Si tratta della stessa ragione per cui la risposta sta nei servizi relazionali, condizione che rende possibile l’abitare non istituzionalizzato, che dà senso alla ricerca di spazi come dispositivi di azione per un welfare generativo.
Al fine di studiare gli impatti attesi sul sistema di welfare, è inoltre necessario analizzare il rapporto tra famiglia e servizi, fra ciò che è di interesse della sfera privata e ciò che, invece, è di interesse della sfera pubblica, evidenziando le dinamiche familiari interne al sistema sociale: infatti, l’affermarsi dell’importanza della terza età nella vita degli individui e nell’organizzazione dei servizi di welfare ha determinato una presa di consapevolezza del peso delle dimensioni della presenza degli anziani nella popolazione e dei problemi legati alla gestione della perdita di autonomia degli stessi, aspetti cui si è andata progressivamente a sovrapporre la nuclearizzazione della famiglia, caratterizzata dalla presenza di due generazioni all’interno di uno stesso nucleo familiare. Tali consistenti cambiamenti a livello micro e macrosociale hanno reso più complessa la gestione familiare dei processi di perdita dell’autonomia dell’anziano, per cui la risposta del sistema sociale risulta essere legata all’istituzionalizzazione dei soggetti con ridotta autonomia.

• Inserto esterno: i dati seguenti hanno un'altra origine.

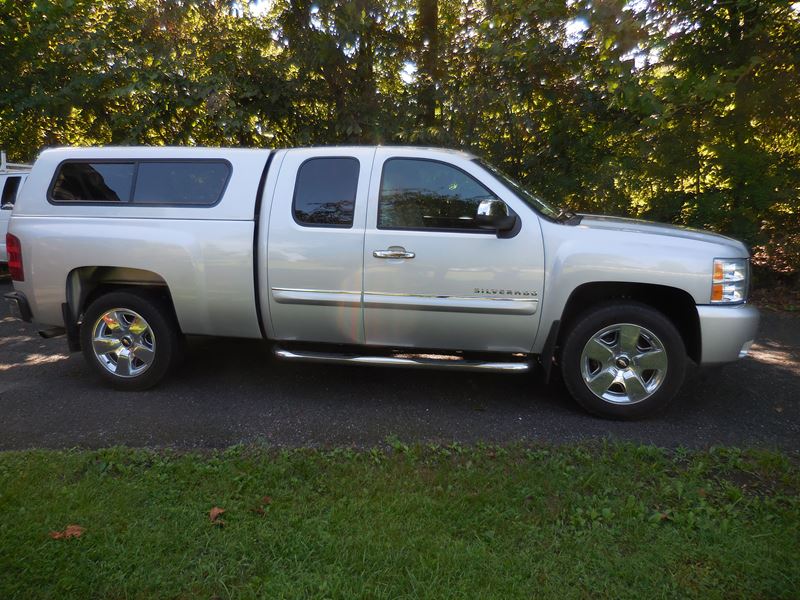 2010 Chevrolet Silverado 1500 for sale by owner in MARTINSBURG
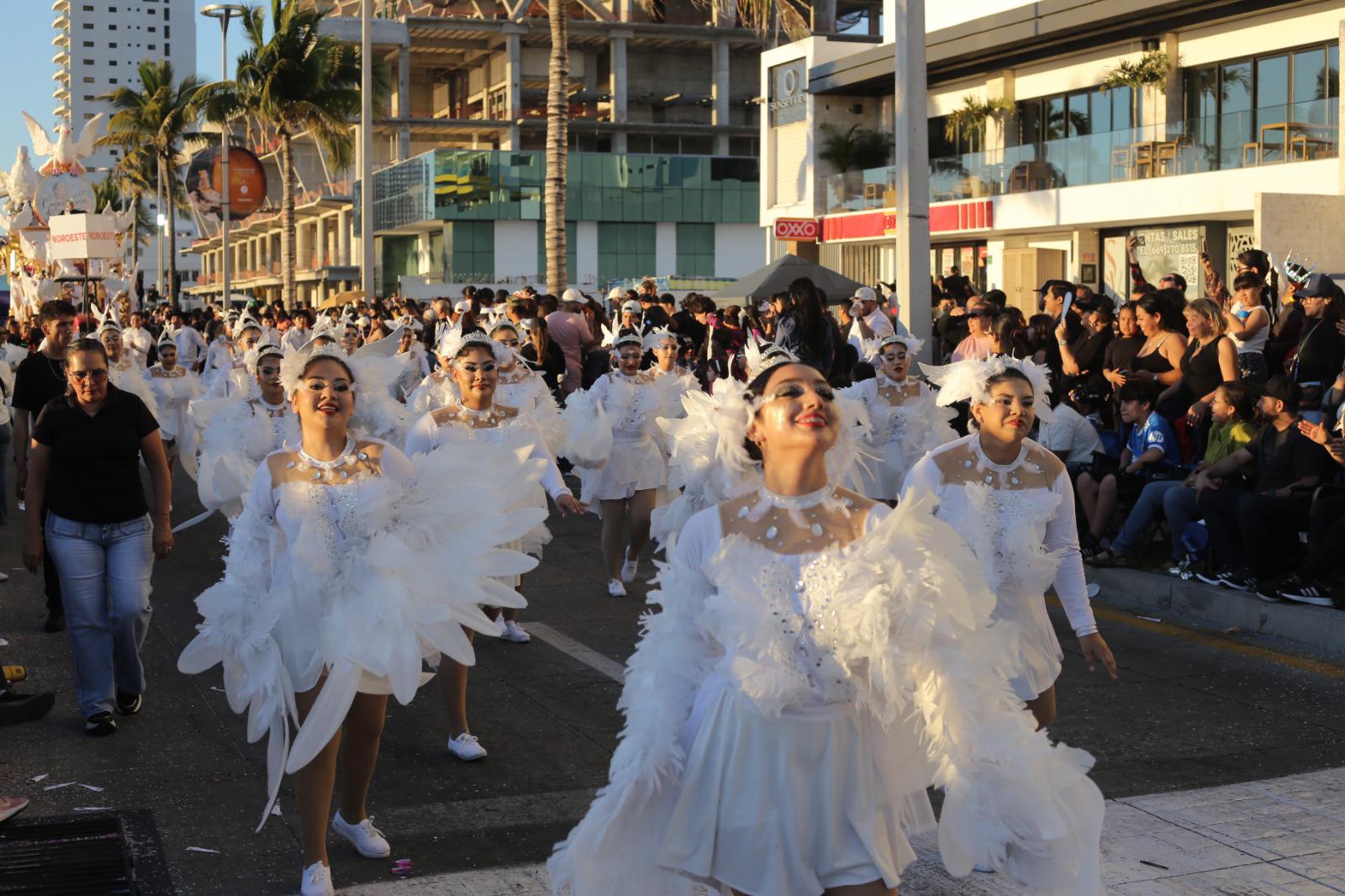 $!A la sombra del atardecer, cierra Mazatlán su Carnaval con un emotivo desfile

Di fronte a queste problematiche, lo sviluppo della rete di servizi, in modo particolare residenziali, ha portato a una ridefinizione del contratto tra pubblico e privato, influenzato da aspetti quali la natura e le caratteristiche della famiglia, le politiche di sostegno alla capacità della stessa di svolgere il lavoro di cura, il dibattito culturale sul processo di cura e sulla rilevanza o criticità dei processi di istituzionalizzazione, le risorse economiche e di capitale sociale delle famiglie, l’andamento del mercato del lavoro, le risorse a disposizione del pubblico nella gestione dei servizi e nella capacità di definire e rispondere alle priorità socialmente assegnate ai diversi interventi (Donati, 1991; Lazzarini, Gamberini, Palumbo, 2011).